Now that I’m older, I’ve come to understand that they, too, have their own ways of tussling with my dicey condition. Just because they couldn’t comprehend the pain I’m going through doesn’t mean they love me any less.
It’s not only my parents. Friends and relatives don’t and probably never will understand the agony behind my secret disability. When I was hanging out at a friend’s house, her mother–who must have caught wind of my condition–patted my hand and said, “You don’t look sick.”
I knew it was unintentional on her part, but that mere 5-second experience crushed me. Good lord, does she think I’m faking it? Granted, I occasionally tell white lies, like when I came up with a weak excuse to avoid going to prom: “Oh, prom? I have a rash. My dress makes my skin itch, so I’m skipping it.” But anxiety and panic attacks?

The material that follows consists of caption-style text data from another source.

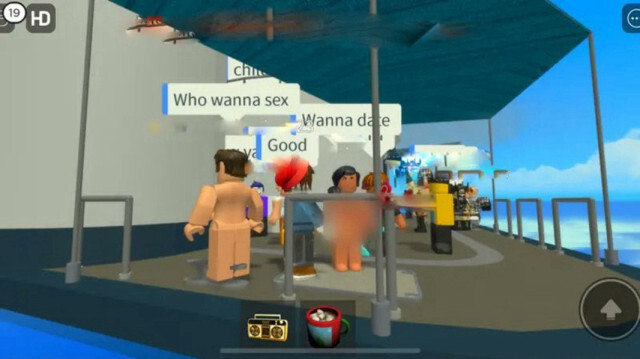 Capture d'écran montrant des propos incitant à la pédophilie sur la plateforme de jeu Roblox.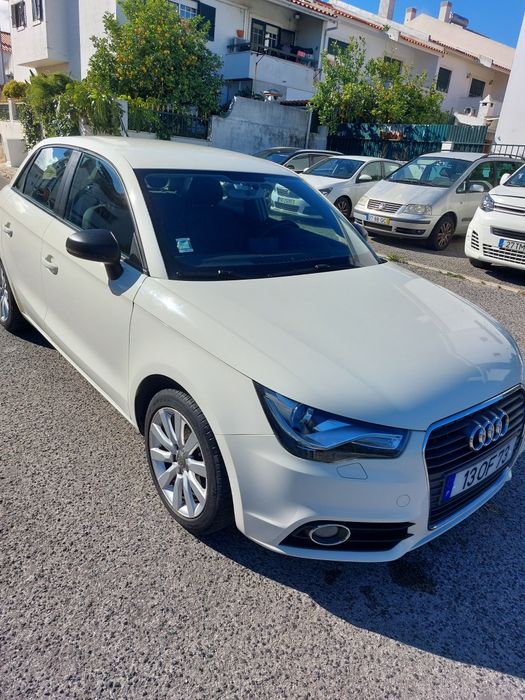Audi A1 1.6 TDI 4 portas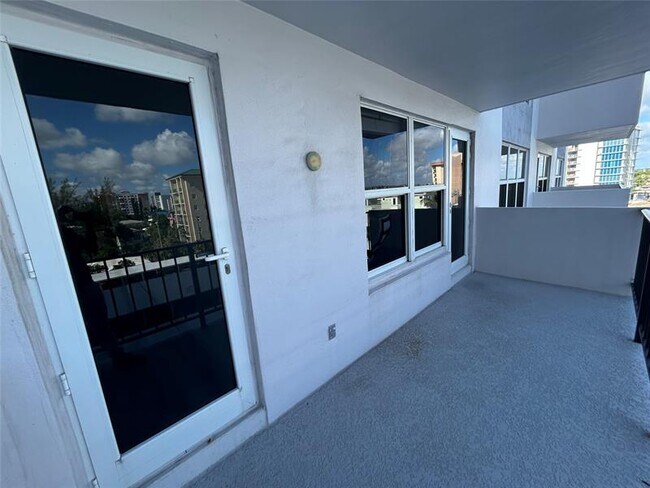 Building Photo - 405 N Ocean Blvd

I don’t know what’s worse: a sudden panic attack, or the thought that I’ll have another one in the near future. Whenever it happens, I recite a quote that I hold dear to my heart: “Pain is your body’s way of saying, ‘I’m not okay now, but I will be soon.’”
It doesn’t solve my anxiety issues, but it gives me the courage to face them.
I got rid of my meds and chose therapy and a healthy lifestyle to manage my anxiety. I started working out (really) on my exercise bike. Lena Dunham is right: “It ain’t about the ass. It’s about the brain.”
I quit caffeine. It’s been years since I drank a cup of coffee, and I miss it. I don’t even eat chocolate anymore.
There are many people out there with anxiety that is way more serious than mine. I’m not so self-obsessed to think that this is all about me.
If you struggle with anxiety too, know that there are people out there who understand.
As far as my introversion goes, I have a feeling I’ll be fine. But I’ll be damned if I let my secret disability take over my life. I haven’t completely healed from it yet. I don’t think I ever will. It will always be there, ready to strike when I’m most vulnerable. It’s something I have come to accept. And I’m not ready to give up yet.
It’s like what Dorothy Zbornak’s hospital roommate, Bonnie, on the TV series The Golden Girls, said: “You get through it. You go on. When it comes right down to it, what other choice do we have? It could have been a lot worse.”